## Aim of the task
Extract the text of every entry below exactly; leave images out.

====== Material supplied

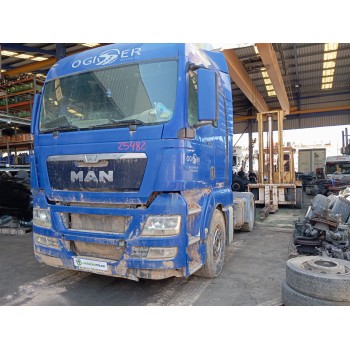 man tgx 18.xxx del año 2013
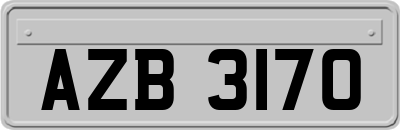 AZB3170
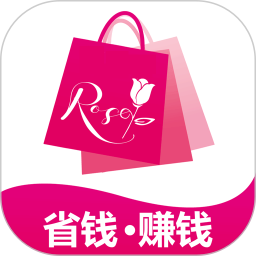 玫瑰返利联盟鸿蒙版
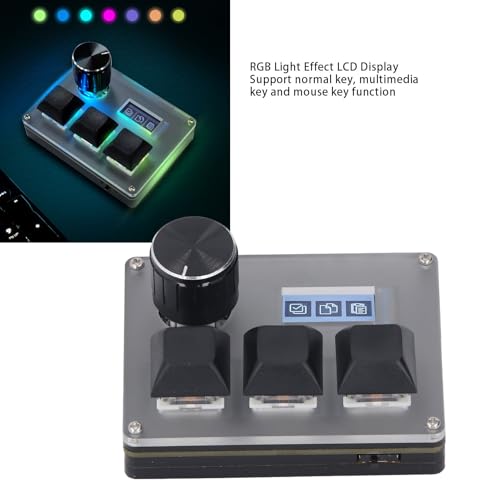 Teclado mecánico Asixxsix4zvhxg9pbg con cable miniatura 2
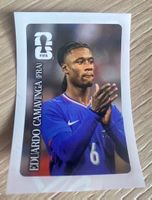 Panini Cola Eduardo Camavinga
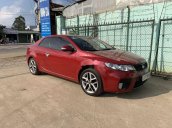 Bán xe Kia Cerato năm 2010, màu đỏ, nhập khẩu 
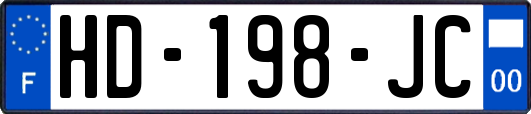 HD-198-JC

============

## Problem solution
 man tgx 18.xxx del año 2013
 AZB3170
 玫瑰返利联盟鸿蒙版
 Teclado mecánico Asixxsix4zvhxg9pbg con cable miniatura 2
 Panini Cola Eduardo Camavinga
 Bán xe Kia Cerato năm 2010, màu đỏ, nhập khẩu 
 HD-198-JC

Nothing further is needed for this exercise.